Return a series with index sorted. The kind option may be 'quicksort', 'mergesort' (stable), or 'heapsort'. na_position indicates location of NaNs and may be 'first' or 'last'.

In [None]:
s.sort_index(axis=0, level=None,ascending=True, inplace=False,kind='quicksort', na_position='last',sort_remaining=True,ignore_index=False, key=None)

Drop duplicates. keep may be 'first', 'last', or False. (If False, it removes all values that were duplicated).

In [None]:
s.drop_duplicates(keep='first',inplace=False)

Return a series with numerical ranks. method allows you to specify tie handling. 'average', 'min', 'max', 'first' (uses order they appear in series), 'dense' (like 'min', but rank only increases by one after tie).na_option allows you to specify NaN handling. 'keep' (stay at NaN), 'top' (move to smallest), 'bottom' (move to largest).

In [None]:
s.rank(axis=0, method='average',numeric_only=None, na_option='keep',ascending=True, pct=False)


Return a series with new values. to_replace can be many things. If it is a string, number, or regular expression, you can replace it with a scalar value. It can also be a list of those things which requires values to be a list of the same size. Finally, it can be a dictionary mapping old values to new values.

In [None]:
s.replace(to_replace=None, value=None,inplace=False, limit=None, regex=False,method='pad')

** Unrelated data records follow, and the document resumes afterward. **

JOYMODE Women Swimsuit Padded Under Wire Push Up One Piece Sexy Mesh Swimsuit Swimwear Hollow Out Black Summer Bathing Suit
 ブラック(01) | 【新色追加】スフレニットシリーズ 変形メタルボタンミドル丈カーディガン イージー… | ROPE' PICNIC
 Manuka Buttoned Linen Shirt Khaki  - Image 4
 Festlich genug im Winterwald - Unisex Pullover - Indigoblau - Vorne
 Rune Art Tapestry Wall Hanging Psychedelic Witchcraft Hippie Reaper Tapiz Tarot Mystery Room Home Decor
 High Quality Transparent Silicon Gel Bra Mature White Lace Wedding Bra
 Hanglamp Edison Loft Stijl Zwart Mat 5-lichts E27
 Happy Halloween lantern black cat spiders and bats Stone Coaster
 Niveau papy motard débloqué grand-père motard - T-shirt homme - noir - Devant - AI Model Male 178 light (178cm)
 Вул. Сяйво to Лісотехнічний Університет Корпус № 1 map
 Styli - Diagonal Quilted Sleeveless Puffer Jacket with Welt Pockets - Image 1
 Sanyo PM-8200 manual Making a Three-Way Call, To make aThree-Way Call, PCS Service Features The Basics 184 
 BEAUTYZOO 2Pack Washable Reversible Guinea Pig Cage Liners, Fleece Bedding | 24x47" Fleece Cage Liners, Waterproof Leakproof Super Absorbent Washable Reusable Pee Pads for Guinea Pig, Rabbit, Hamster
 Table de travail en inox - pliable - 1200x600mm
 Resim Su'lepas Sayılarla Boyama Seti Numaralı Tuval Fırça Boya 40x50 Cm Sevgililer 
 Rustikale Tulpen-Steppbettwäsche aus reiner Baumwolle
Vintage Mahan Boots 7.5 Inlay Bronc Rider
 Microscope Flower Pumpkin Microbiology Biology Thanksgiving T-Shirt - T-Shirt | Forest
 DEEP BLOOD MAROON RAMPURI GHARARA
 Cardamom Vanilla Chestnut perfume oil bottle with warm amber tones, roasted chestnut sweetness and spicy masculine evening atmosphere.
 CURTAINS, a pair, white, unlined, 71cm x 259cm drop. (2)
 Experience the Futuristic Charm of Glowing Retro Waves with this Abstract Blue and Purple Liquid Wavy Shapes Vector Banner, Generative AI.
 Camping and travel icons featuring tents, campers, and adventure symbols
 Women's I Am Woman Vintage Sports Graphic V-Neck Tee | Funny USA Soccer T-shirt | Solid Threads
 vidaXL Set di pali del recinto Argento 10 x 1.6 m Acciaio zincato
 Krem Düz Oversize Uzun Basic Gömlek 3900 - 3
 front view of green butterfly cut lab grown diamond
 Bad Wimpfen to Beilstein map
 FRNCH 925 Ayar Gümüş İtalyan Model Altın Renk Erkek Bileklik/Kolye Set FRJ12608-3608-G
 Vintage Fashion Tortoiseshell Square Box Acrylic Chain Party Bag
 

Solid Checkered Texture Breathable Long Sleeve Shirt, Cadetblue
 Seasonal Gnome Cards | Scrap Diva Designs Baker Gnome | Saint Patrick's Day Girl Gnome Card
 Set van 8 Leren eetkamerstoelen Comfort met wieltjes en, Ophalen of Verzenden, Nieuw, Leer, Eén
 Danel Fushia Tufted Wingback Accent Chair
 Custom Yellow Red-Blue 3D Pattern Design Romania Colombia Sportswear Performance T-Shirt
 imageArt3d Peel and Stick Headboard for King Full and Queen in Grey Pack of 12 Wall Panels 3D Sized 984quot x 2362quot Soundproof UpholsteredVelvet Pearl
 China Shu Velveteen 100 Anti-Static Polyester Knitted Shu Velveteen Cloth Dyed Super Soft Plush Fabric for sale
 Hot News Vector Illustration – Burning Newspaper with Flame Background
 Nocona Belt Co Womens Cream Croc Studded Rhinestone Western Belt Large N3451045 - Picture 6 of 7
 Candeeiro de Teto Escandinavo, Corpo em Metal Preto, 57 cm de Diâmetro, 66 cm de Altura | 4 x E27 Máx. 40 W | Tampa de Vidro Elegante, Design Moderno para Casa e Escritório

Bin values from x (a series). If bins is an integer, use equal-width bins. If bins is a list of numbers (defining minimum and maximum positions) use those for the edges. right defines whether the right
edge is open or closed. labels allows you to specify the bin names. Out of bounds values will be missing.

In [None]:
pd.cut(x, bins, right=True, labels=None,retbins=False, precision=3,include_lowest=False,duplicates='raise', ordered=True)

Bin values from x (a series) into q equal sized bins (10 for quantiles, 4). Alternatively, can pass in a list of quantile

In [None]:
pd.qcut(x, q, labels=None, retbins=False,precision=3, duplicates='raise')

## Exerises

With a dataset of your choice:
1. Create a series from a numeric column that has the value of 'high' if it is equal to or above
the mean and 'low' if it is below the mean using .apply.
2. Create a series from a numeric column that has the value of 'high' if it is equal to or above
the mean and 'low' if it is below the mean using np.select.
3. Time the differences between the previous two solutions to see which is faster.
4. Replace the missing values of a numeric series with the median value.
5. Clip the values of a numeric series to between to 10th and 90th percentiles.
61
9. Manipulation Methods
6. Using a categorical column, replace any value that is not in the top 5 most frequent values
with 'Other'.
7. Using a categorical column, replace any value that is not in the top 10 most frequent values
with 'Other'.
8. Make a function that takes a categorical series and a number (n) and returns a replace series
that replaces any value that is not in the top n most frequent values with 'Other'.
9. Using a numeric column, bin it into 10 groups that have the same width.
10. Using a numeric column, bin it into 10 groups that have equal sized bins.